The positional encoder is here to inject the order notion in the token representations. So the input of LLM is :

Inputi = Embedding(tokeni) + PositionalEncoding(i)

(With i the index of the position)

In the original "Attention Is All You Need" paper, positions are encoded with sines and cosines at different frequencies. Here is the calcul :

PE(pos, 2i) = sin(pos / 10000^(2i / d))
PE(pos, 2i+1) = cos(pos / 10000^(2i / d))

With :

  • pos : token position (0, 1, 2, …)
  • i = dimension index
  • d = total dimension of embedding

It is useful, because the fonctions are :

  • continuous,
  • bounded (no numerical explosion),
  • periodic,
  • allow us to express a position shift as a simple transformation

For the i dimension :
Calcul of the frequency :

f = 1 / 10000^(2i / d))

  • If i is low dimension, f is high !
  • If i is high dimension, f is low !
    Then :
  • If f is high, it is a fast variation and 2 consecutive positions seem very different.
  • If f is low, it is a slow variation and 2 consecutive positions seem very similar.
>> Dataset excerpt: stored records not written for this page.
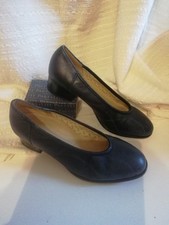 Damen schuh 38 leder - gr.,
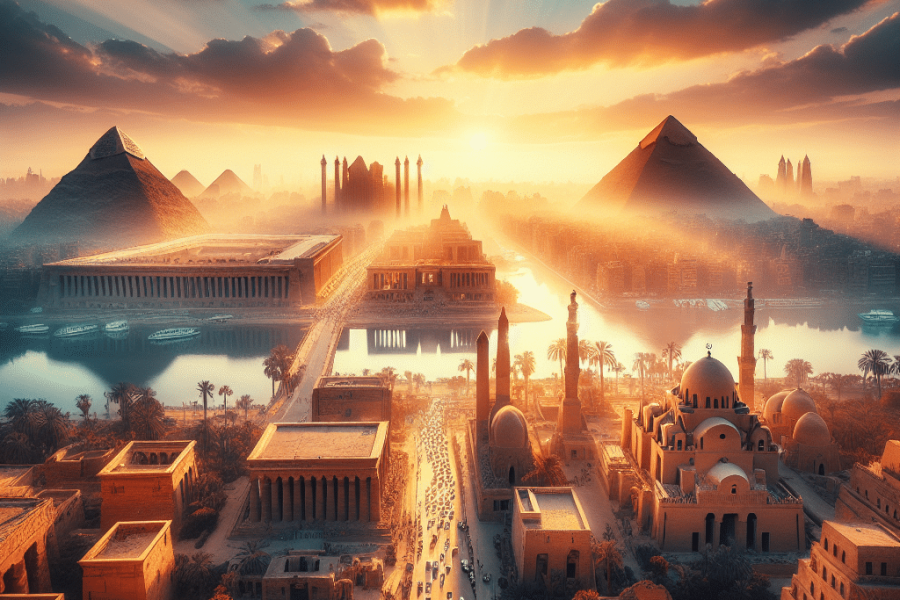 All-Inclusive Egypt Luxury 7 Days Trip From Canada Package 2025/2026 - tour feature image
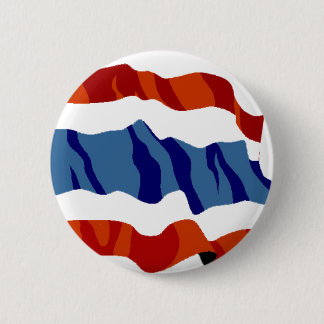 thailand flag pinback button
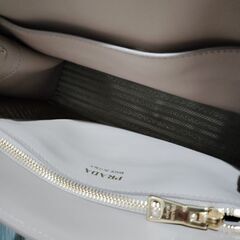 超お買い得品　ほぼ新品　PRADA　プラダ　鞄　ハンドバッグ　国内正規品の画像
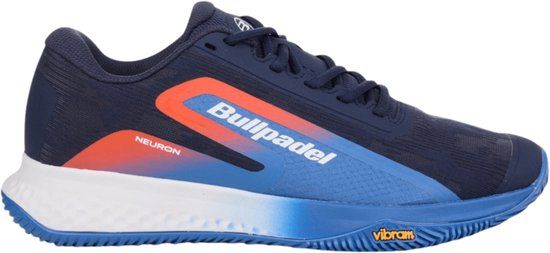 Bullpadel Neuron Vibram 25I Dark Blue Padel Schoenen Mannen Maat 43.5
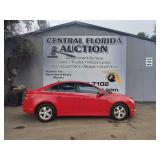 2013 Chevrolet Cruze RUNS/MOVES 1LT Auto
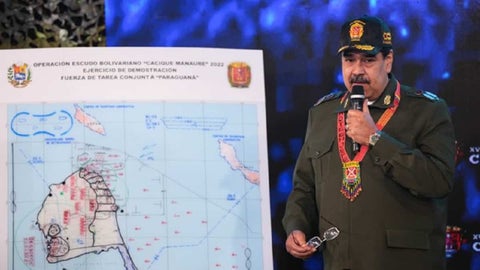 Foto Prensa Presidencial
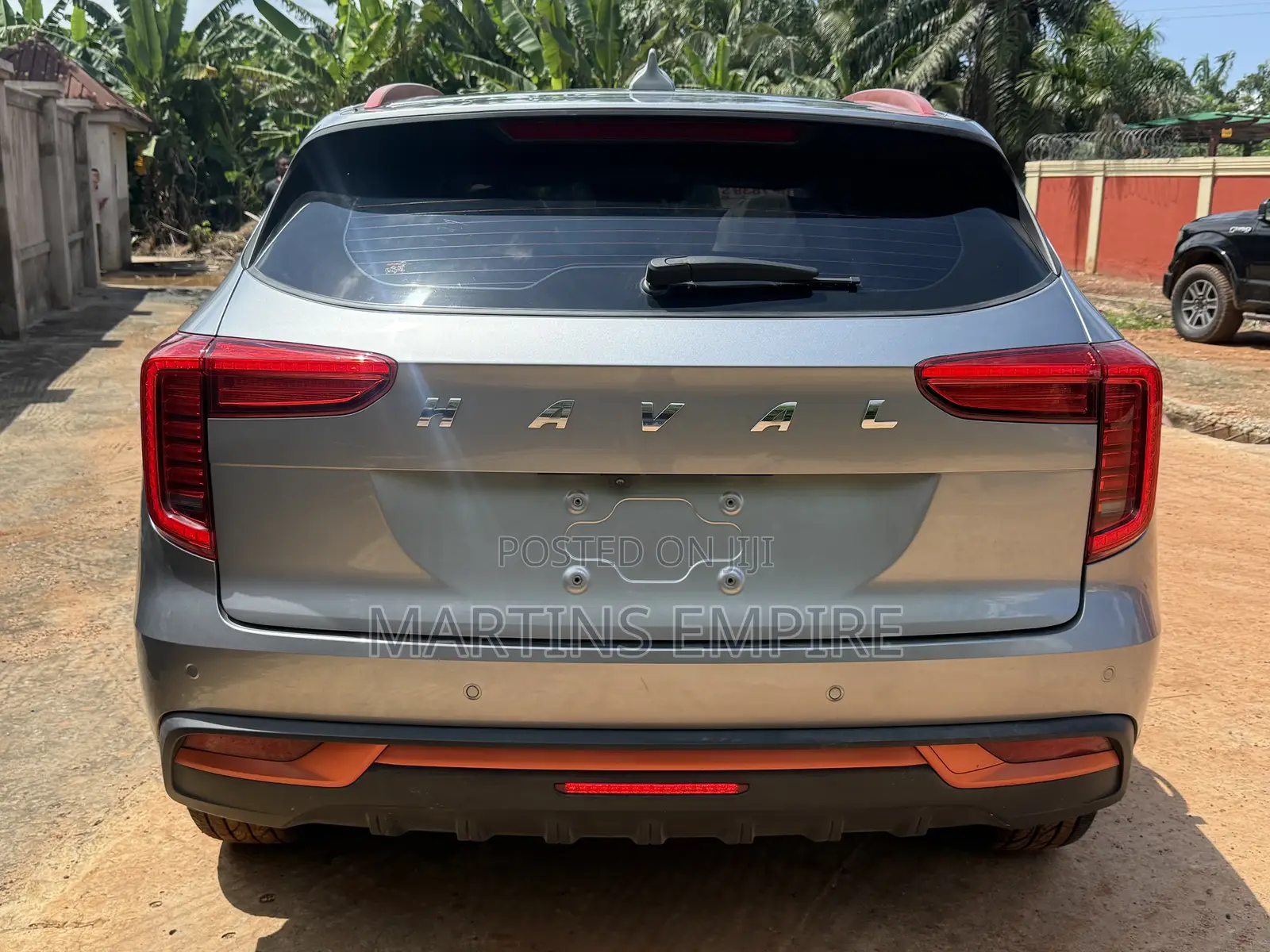 Haval Jolion 2021 Silver
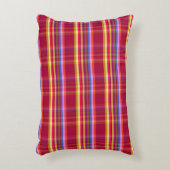 Rich Plaid RC Dekokissen (Vorderseite(Vertikal))
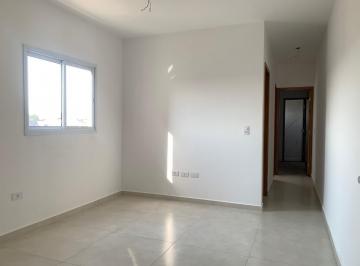 Apartamento · 94m² · 2 Quartos · 1 Vaga · Cobertura com 2 dormitórios à venda, 94 m² por R$ 420.000,00 - Jardim Santo Alberto - Santo André/SP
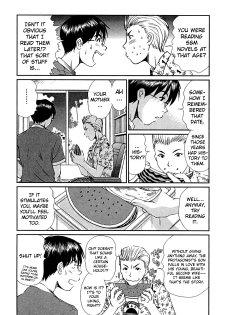 [Sano Takayoshi] Domestic Love Syndrome / Kateinai Renai Shoukougun Ch.1-2 [English] [Japanzai] - page 36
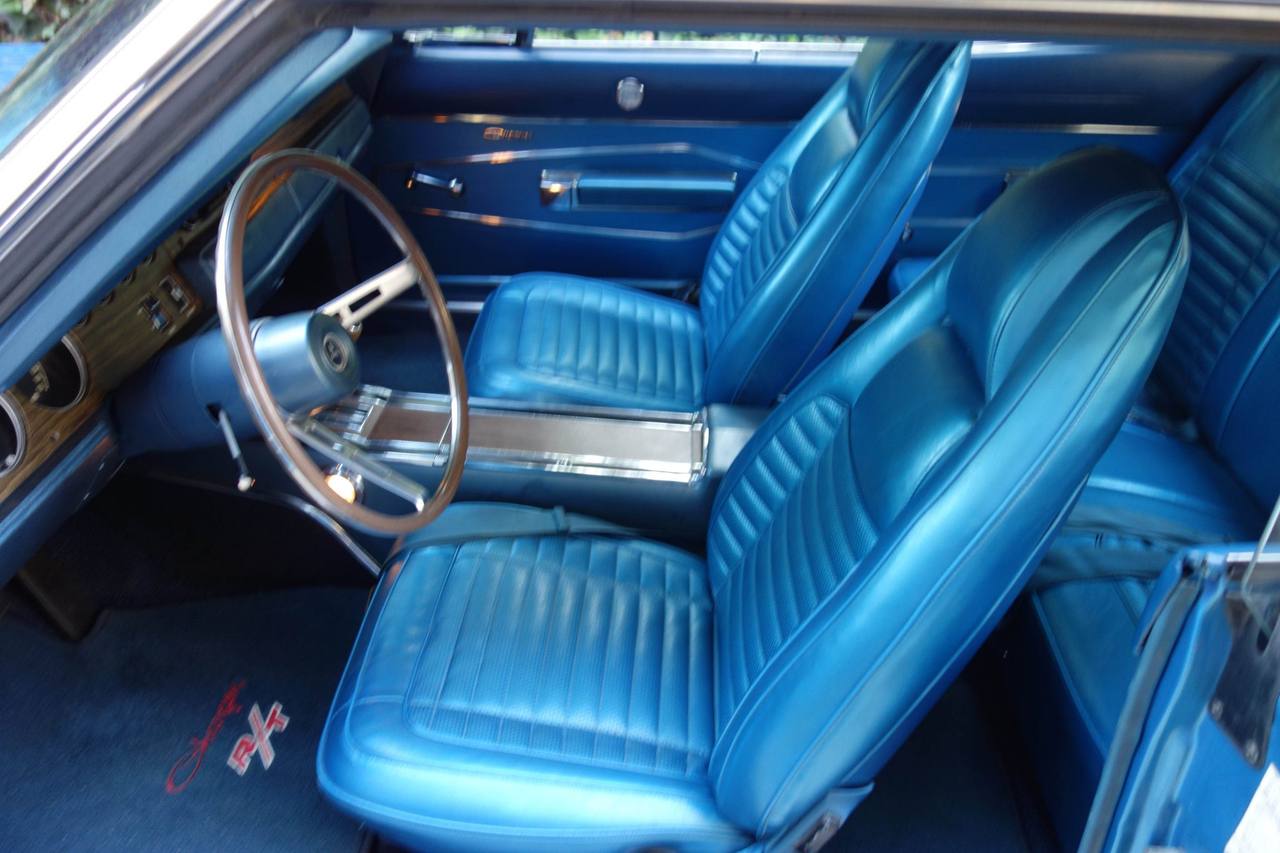 Cadillac Interior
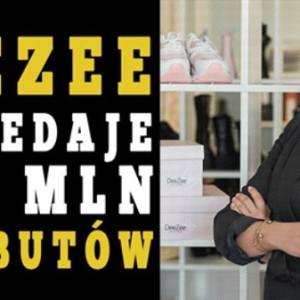 Rzuciła pracę wykładowcy, by spełnić marzenie o własnym biznesie. Dziś jej firma jest warta kilkadziesiąt milionów złotych. "Zawsze kochałam buty" [WYWIAD]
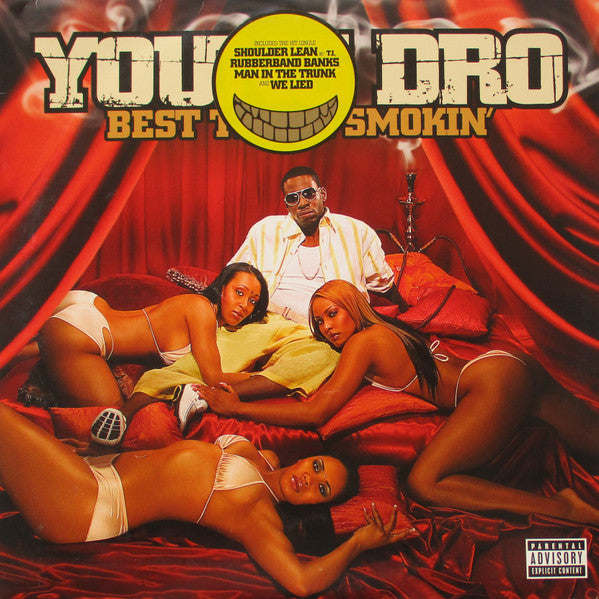 Young Dro – Best Thang Smokin' – Release:85f6ed3e-7611-4388-8773-2f51e13113d3 (cover)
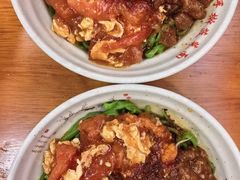 -手擀菠菜面(西康路店)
The same gap of position will be, for a high frequency, just 1 or 2 tokens but, for a low frequency, an entire paragraph.

It means that the first dimension are "looking" short terme relation and for the last dimension, the long terme relation.
Furthermore, the progression is exponential (not linear to cover a good range - many dimensions for short terme and mid terme and non redondantes long terme dimensions)


Sin & Cos schema

We calculate sin and cos to have an angle, to add a direction. If the value augment, are the position before or after ?
It allows to have a bijective representation of the angle, a unique point on the unit circle !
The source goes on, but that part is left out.